Strange rumblings from readers regarding Nick and Eddie. My e-mail inbox has been lighting up like a Christmas tree for a week with reports of an exodus from the kitchen—Vranian gone (supposedly “bought out” a few weeks ago, which is oftentimes restaurant code for many other things), Steven Brown gone, and Flicker helping out at D'Amico Kitchen. Several friends who are regulars buzzed me to say they had asked about some of these chefs and were told they weren’t there anymore. Some of these folks were just cooking at N & E between other gigs, but some of them have been publicly despondent about the place on their social media pages.
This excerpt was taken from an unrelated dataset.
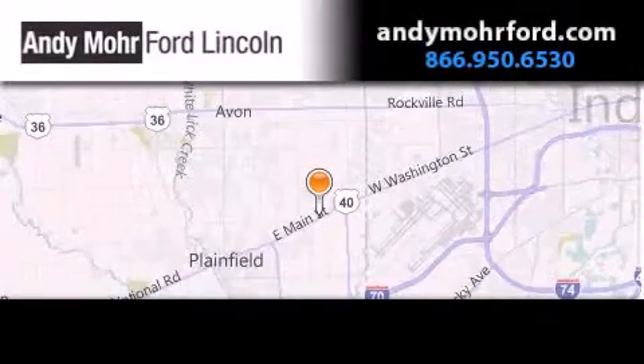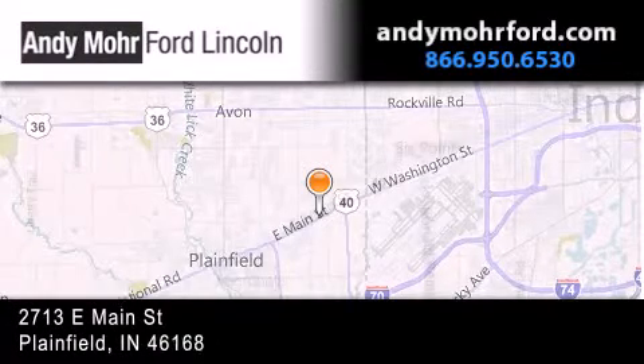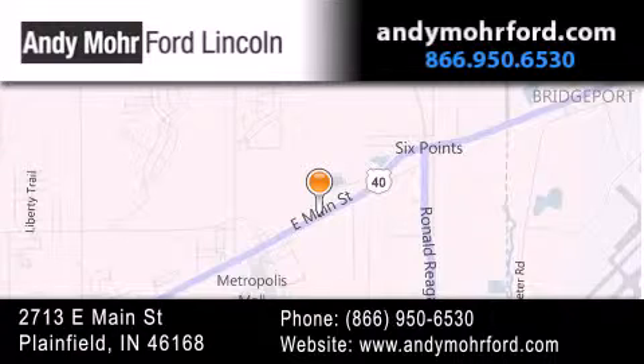Andy Moore Ford Lincoln is the place to find new Ford and Lincoln cars and trucks and pre-owned vehicles in Indianapolis. You can search our new and pre-owned inventory online.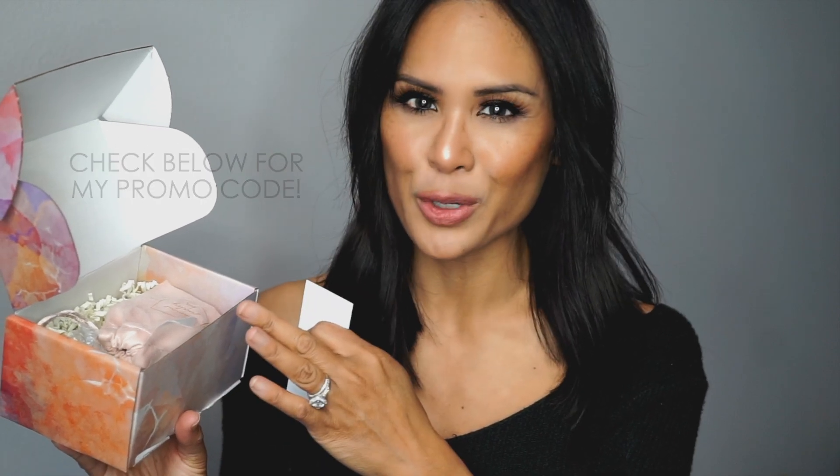So in this box particularly, the value of this jewelry is $83. And if you didn't know, this jewelry subscription is $21 a month, so it's such a great value for your money.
It seems just a few months ago (literally) that the best kept secret in town was the all-star lineup killing it over by Loring Park, so all the recent hubbub made me kinda sad. I ate there twice early on, and really liked much of what I had. Plus the place had that certain indescribable something, sort of like the umami of ambiance. Doug Anderson, the public face of the enterprise, has an incredible knack for striking the right tones with his restaurants and getting details pegged, both elements of restaurant creation that escape so many local owner/operators.
The underlying feeling I have right now about this restaurant is a Yogi Berra-inspired dreamlike evanescence. It’s déjà vu all over again—remember Bakery on Grand and A Rebours? Great openings, great vibes, great teams in place to handle the food coming out of the kitchen, killer cuisine, great everything. Then, just as the restaurants entered puberty, shazam! Kitchens in upheaval, management shake-ups and so on, all ultimately ending in broken hearts as the restaurants became only memories. And looking back, it seems odd that after trying for years to put N & E together and spearheading its concept and design, Anderson wasn’t publicly part of the “official” ownership team. If I remember correctly, it was his wife Jessica, one of the best bakers in town, and Vranian who got all the juice as owner/operators. It seemed quirky at the time, but often what gets written up in press releases or publicly touted when an eatery opens runs contrary to the actual business registry in terms of who owns what. Now looking back, it seems even more odd.
So tell me why I should stay positive on this one where is N & E headed?
One of the most plugged-in and switched-on food mavens in town suggested that Anderson, David Fhima, and Eric Austin should all open a restaurant together called Cataclysm. Cracked me up. I think we get Hecker and Petters to finance the deal and start taking reservations
And am I the only person truly let down by the lack of interesting new edible offerings at the State Fair this year?